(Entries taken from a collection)
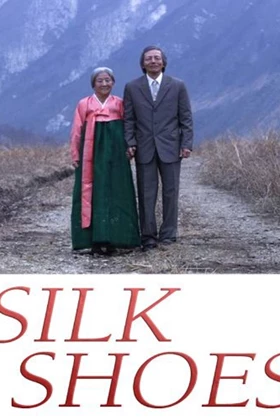 Silk Shoes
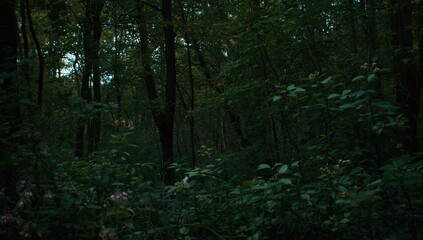 Fototapeta premium Creepy woodland scene with dense foliage and blooming plants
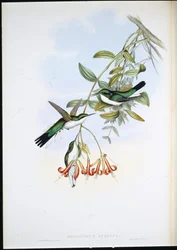 Cayenne Fee (Heliothryx Auritus)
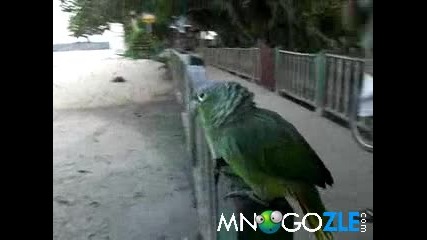 Супер луд папагал 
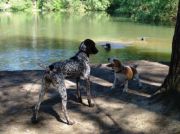 dog_talk
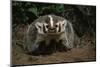 Snarling Badger at Den Opening-W. Perry Conway-Mounted Photographic Print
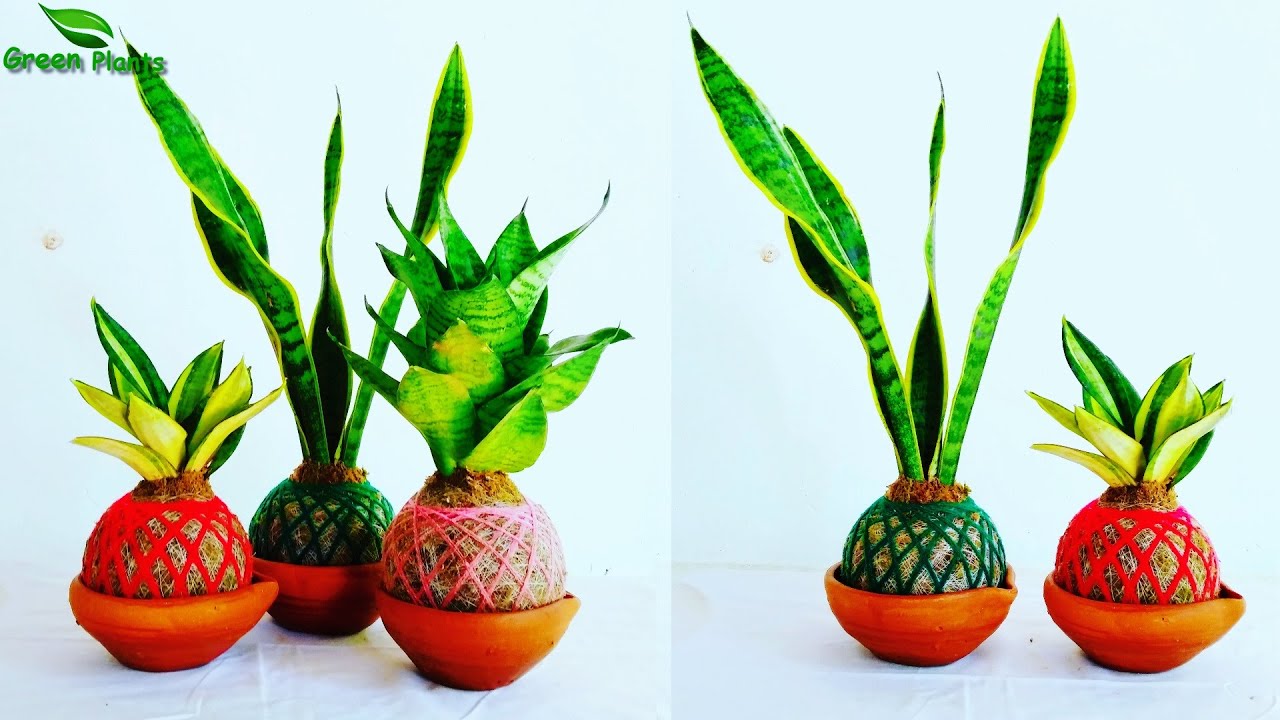 How to Grow Snake Plant Kokedama | Snake plant Indoor Decoration//GREEN PLANTS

# AIM OF THE EXERCISE
Print, word for word, every entry shown above; the pictures stay out.

# EXERCISE SOLUTION
 Silk Shoes
 Fototapeta premium Creepy woodland scene with dense foliage and blooming plants
 Cayenne Fee (Heliothryx Auritus)
 Супер луд папагал 
 dog_talk
 Snarling Badger at Den Opening-W. Perry Conway-Mounted Photographic Print
 How to Grow Snake Plant Kokedama | Snake plant Indoor Decoration//GREEN PLANTS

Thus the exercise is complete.